マカオの街歩きの拠点となるのは、世界遺産が点在するセナド広場である。現地の広東語では、議事亭前地(イーシンテンチンテイ)となるが、広場に噴水があることから「噴水池(バンソイチー)」と呼ばれており、タクシーでもこの方が通じるようだ。新馬路(サンマ-ロウ)と呼ばれるメインストリートでタクシーを降りる。

まずは、民政総署に立ち寄った。ここも世界遺産である。1784年に建設された、ポルトガルの植民統治の中心であるこの建物は、白亜の外観も印象的だが、何よりも見どころは内部や中庭の壁に施されたアズレージョだ。アズレージョは、アラビア語で「磨かれた小石」を意味する言葉が起源となっている、ポルトガルの伝統的な絵柄タイル。街のいたるところでアズレージョは目にすることができ、独特な雰囲気をかもし出している。

民政総署の建物。前の通りが新馬路で、その手前にセナド広場がある

民政総署の内部には、随所にアズレージョが施されている。湿気を含んだ暑さを忘れさせる爽やかさが感じられる

セナド広場にはもうひとつ世界遺産がある。18世紀後半に建てられた仁慈堂で、マカオの初代司教が創設したアジア最古の慈善福祉団体の事務所として利用されていた。民政総署とは異なり、外壁の装飾が特徴的だ。内部には17、18世紀の陶器や芸術品などが展示されている。

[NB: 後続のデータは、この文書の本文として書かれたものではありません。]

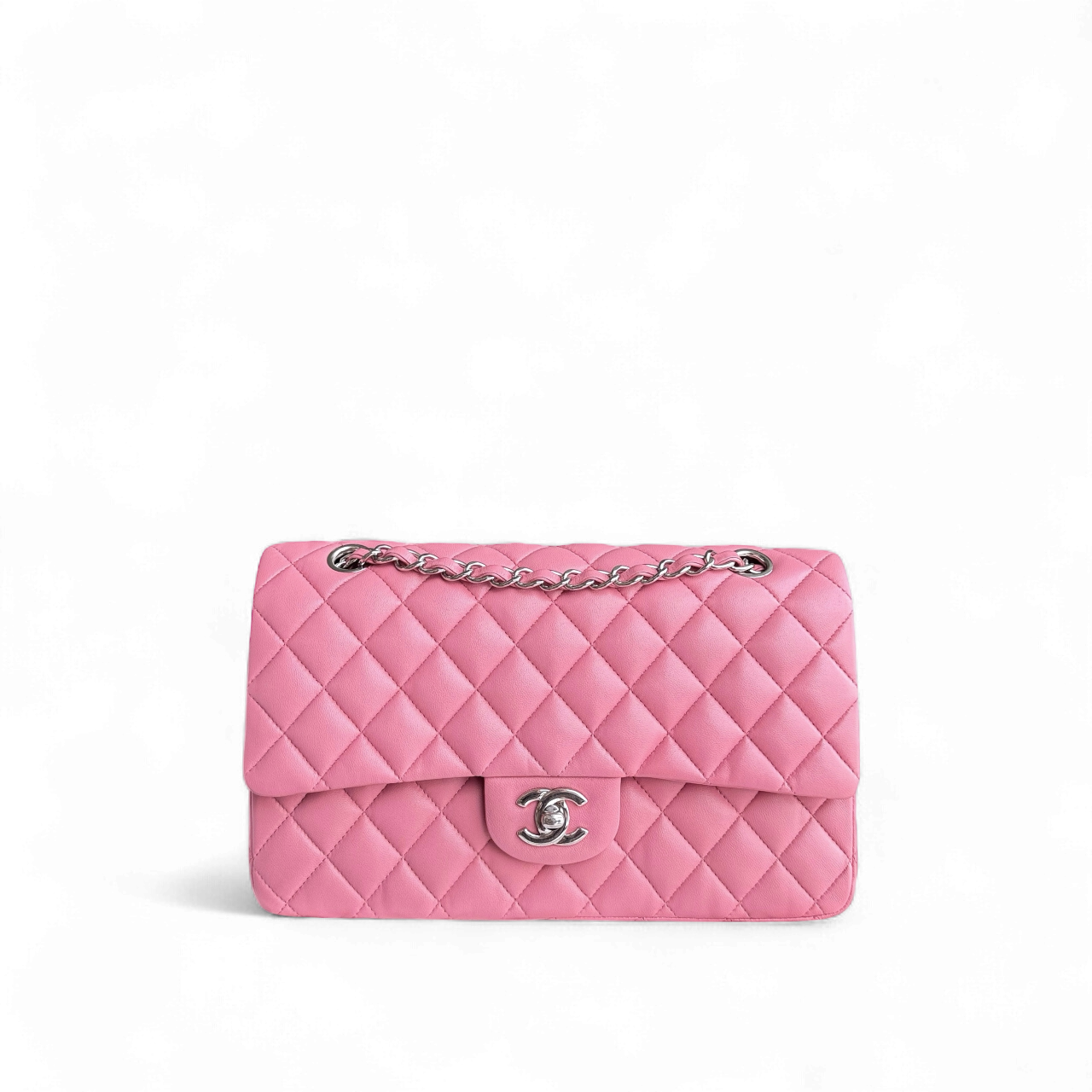 Chanel Classic Flap Medium - 25CM Quilted Lambskin Light Pink Gold Hardware Series 18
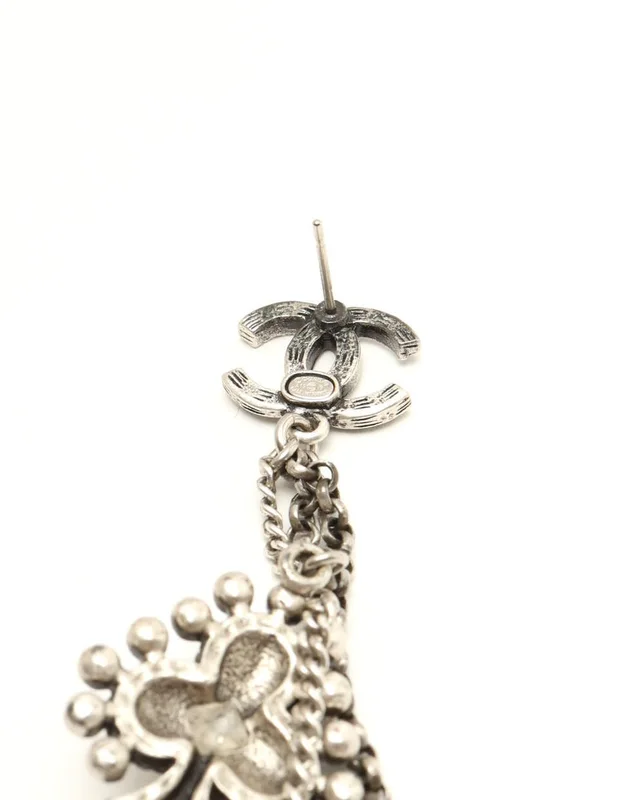Chanel Coco Mark Dangling Rhinestone Earrings from A Retro Tale, photo 3 of 3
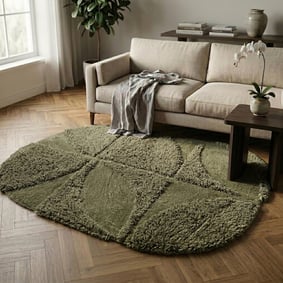 Organisch vloerkleed - Odette Curves Groen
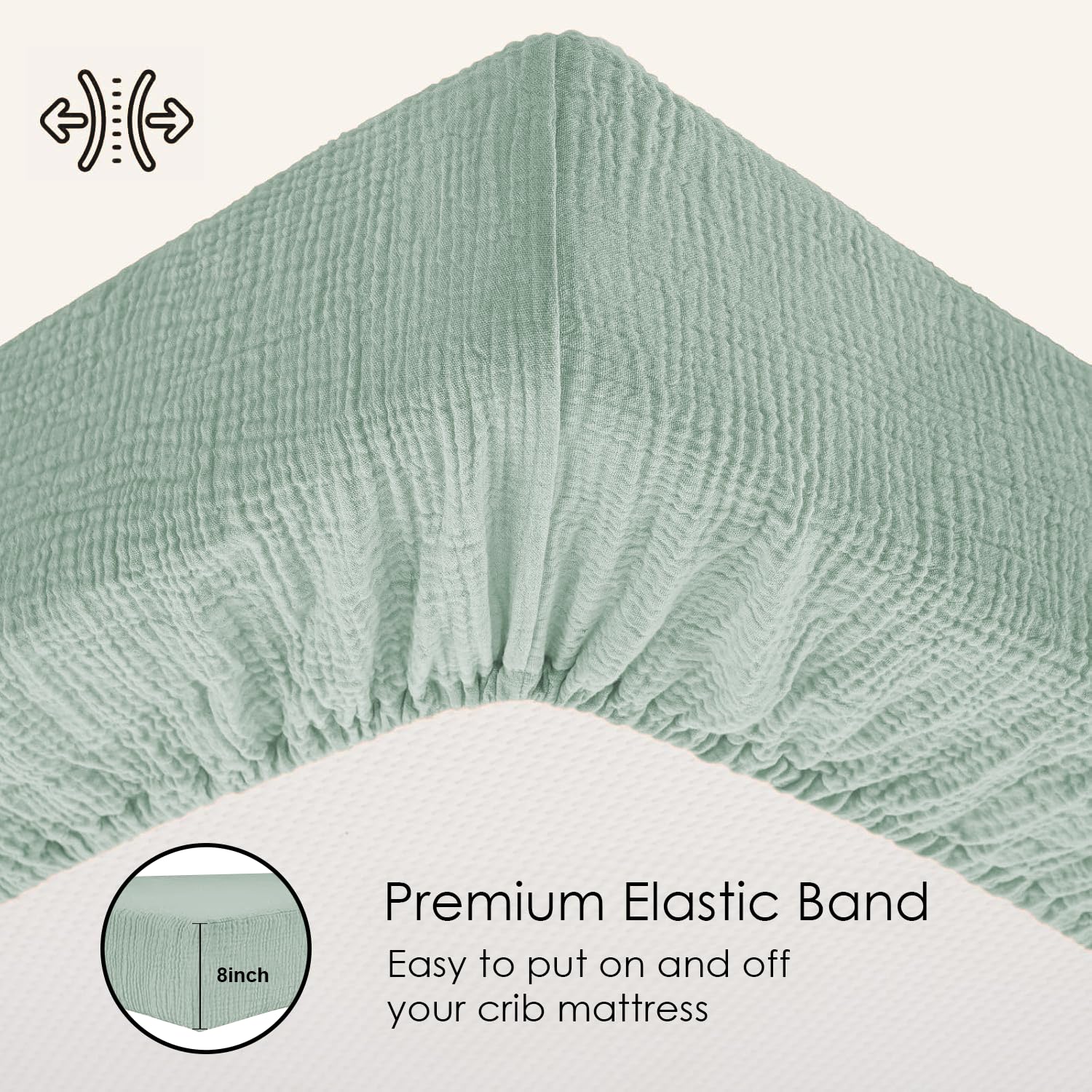 Comforista crib sheet with secure elastic keeps the mattress in place.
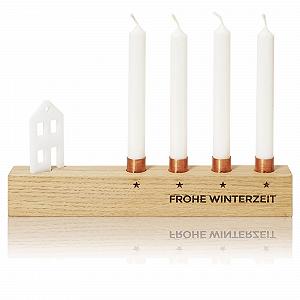 Свічник дерев'яний Advent Light для 4 дерев'яних свічок свічкова смужка альтернатива до різдвяного вінка дубовий - Фото 1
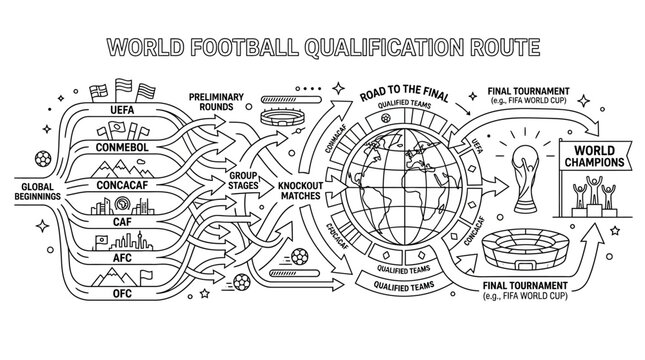 Hand drawn illustration of world football qualification route diagram.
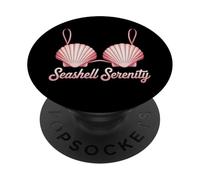 Seashell Serenity Cute Beach Girl Mermaid Aesthetic PopSockets Adhesive PopGrip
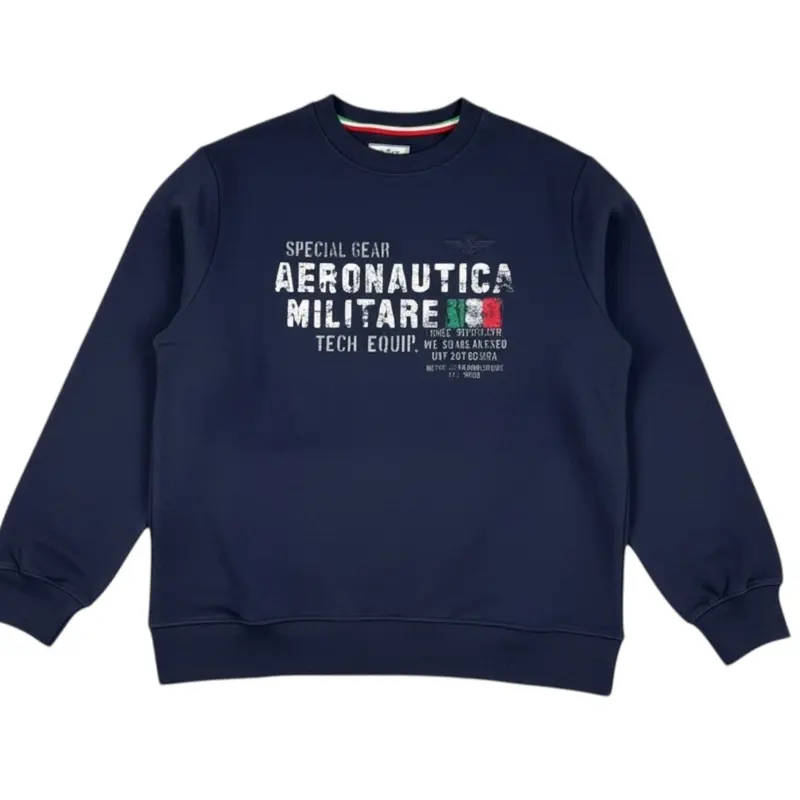 Aeronautica Militare Felpa tinta unita con Stampa Blu per Bambino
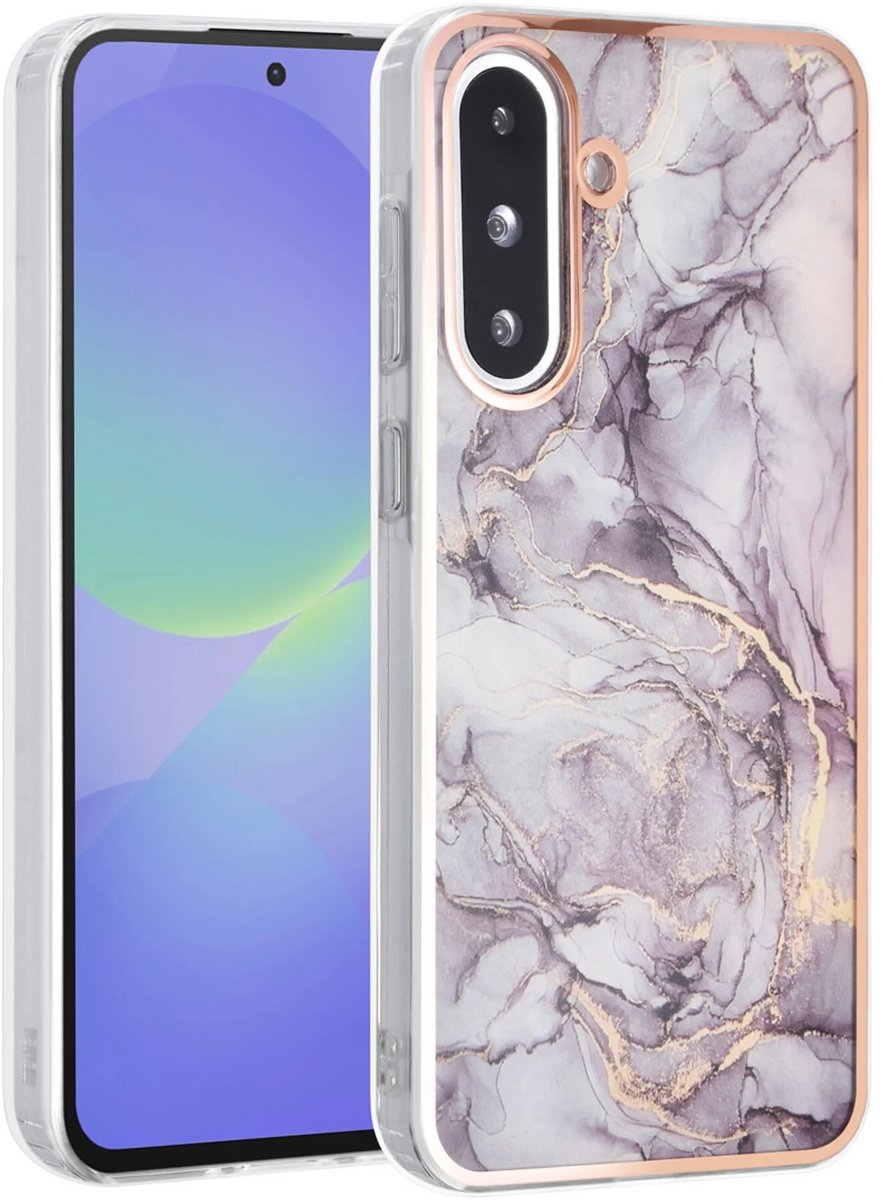 TPU Back Cover hoesje - Marble Bruin Print - Geschikt voor: Samsung Galaxy A56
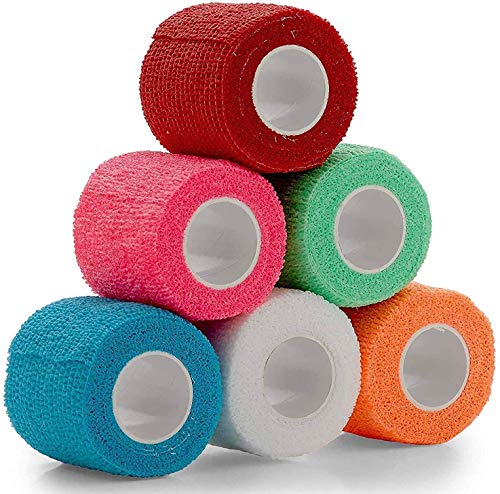 Vet Wrap - (Pack of 6-2 inch x 5 Yard Rolls) Self Adherent Wrap Cohesive Compression Bandage and Medical Gauze Bandage Roll Tape for Dogs, Cats, Horses - Assorted Colors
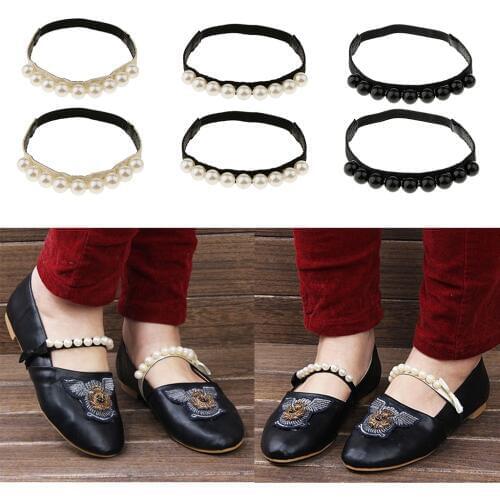 1 pair Detachable Anti-slip Anti-loose Leather Shoe Straps Shoe Accessories For Loose High Heeled Shoes Wedges Flats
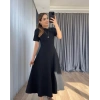 Kadın Kısa Kollu Bisiklet Yaka Maksi Boy Ithal Krep Elbise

セナド広場。左手の白い建物は仁慈堂大樓、奥には民政総署が建っている

独特の石畳は、カルサーダスと呼ばれる。ポルトガル職人がてがけたものだ

セナド広場の先にはアーケードが続いていて、ファストフード店やショップなどが並んでいる。植民地時代と現代が不思議と融合したかのような通りである。石畳の模様も波を表しているかのように感じてくる。すぐ先、左手に、聖ドミニコ教会が顔を出した。これも世界遺産。クリーム色の壁のためか、どこかやわらかな雰囲気で、濃い緑の窓の扉が一枚の絵画のように教会の姿を引き立てている。バロック様式のファサードとのことだが、何よりもあたたかみがにじみ出たような建物の佇まいに、ほっとひと息ついた。